### Records for processing
┄┄┄┄┄┄

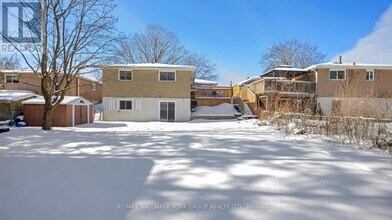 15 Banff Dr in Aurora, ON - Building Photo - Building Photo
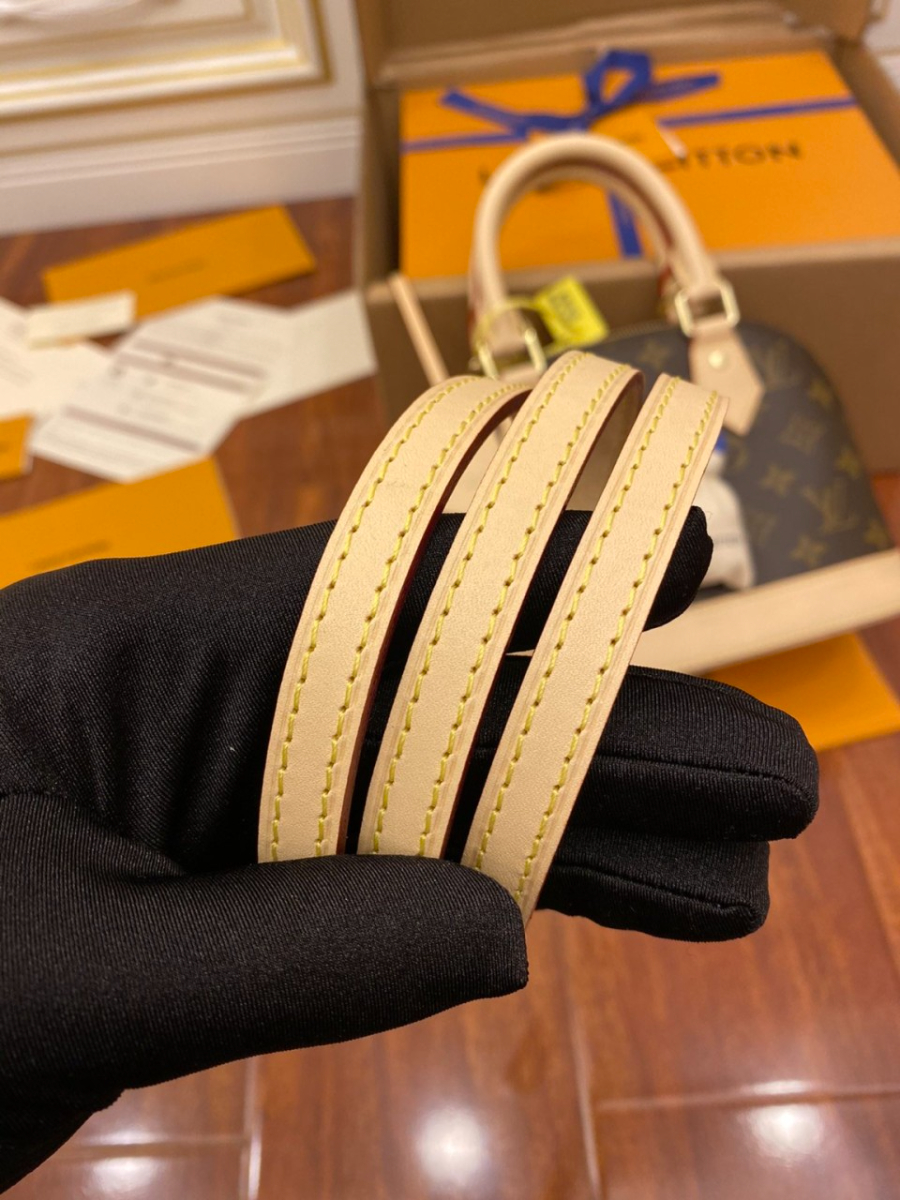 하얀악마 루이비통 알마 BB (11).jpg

┄┄┄┄┄┄

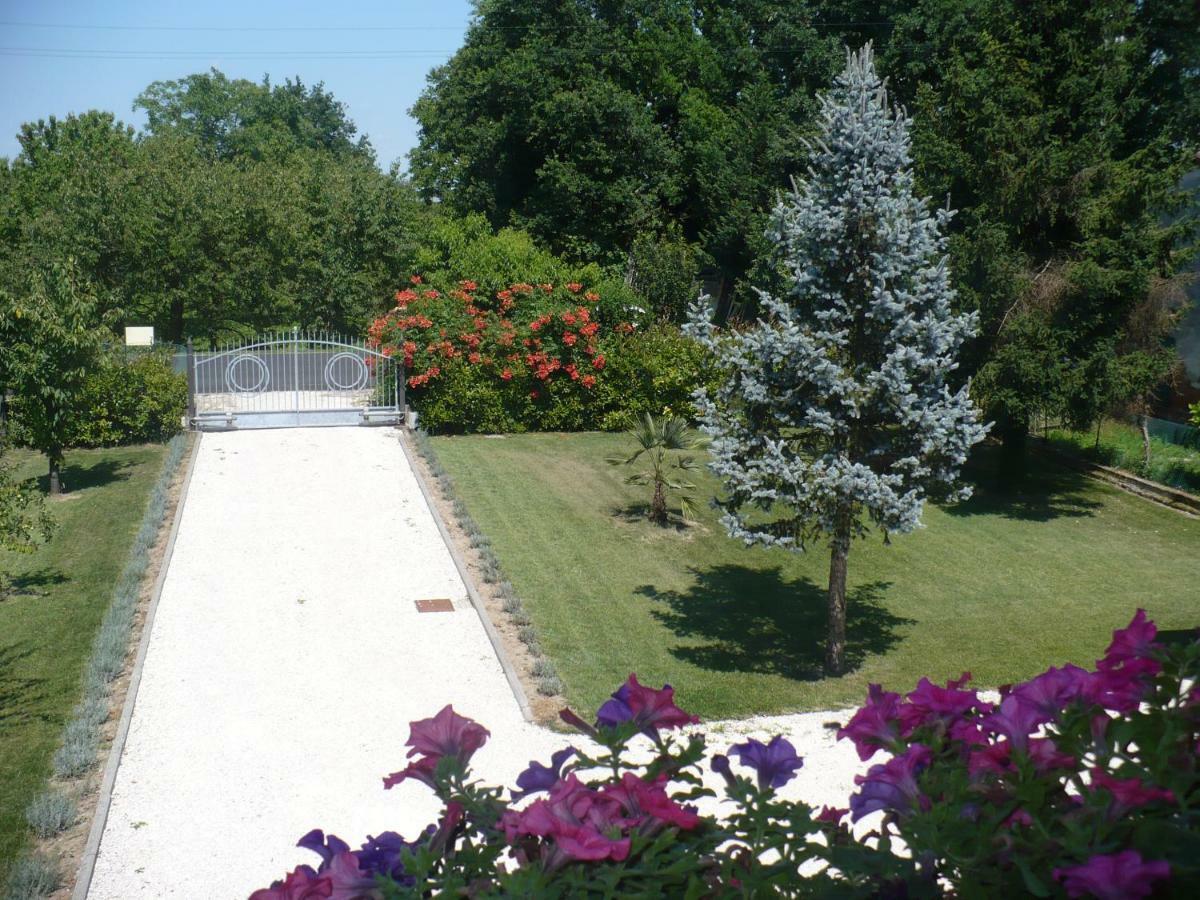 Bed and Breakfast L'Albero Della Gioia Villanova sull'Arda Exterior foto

┄┄┄┄┄┄

Within the listing above, find the line containing "15 Banff Dr" and the line containing "하얀악마 루이비통 알마 BB (11).jpg". Transcribe them and everything between them exactly, leaving out the pictures.

### Finished exercise
 15 Banff Dr in Aurora, ON - Building Photo - Building Photo
 하얀악마 루이비통 알마 BB (11).jpg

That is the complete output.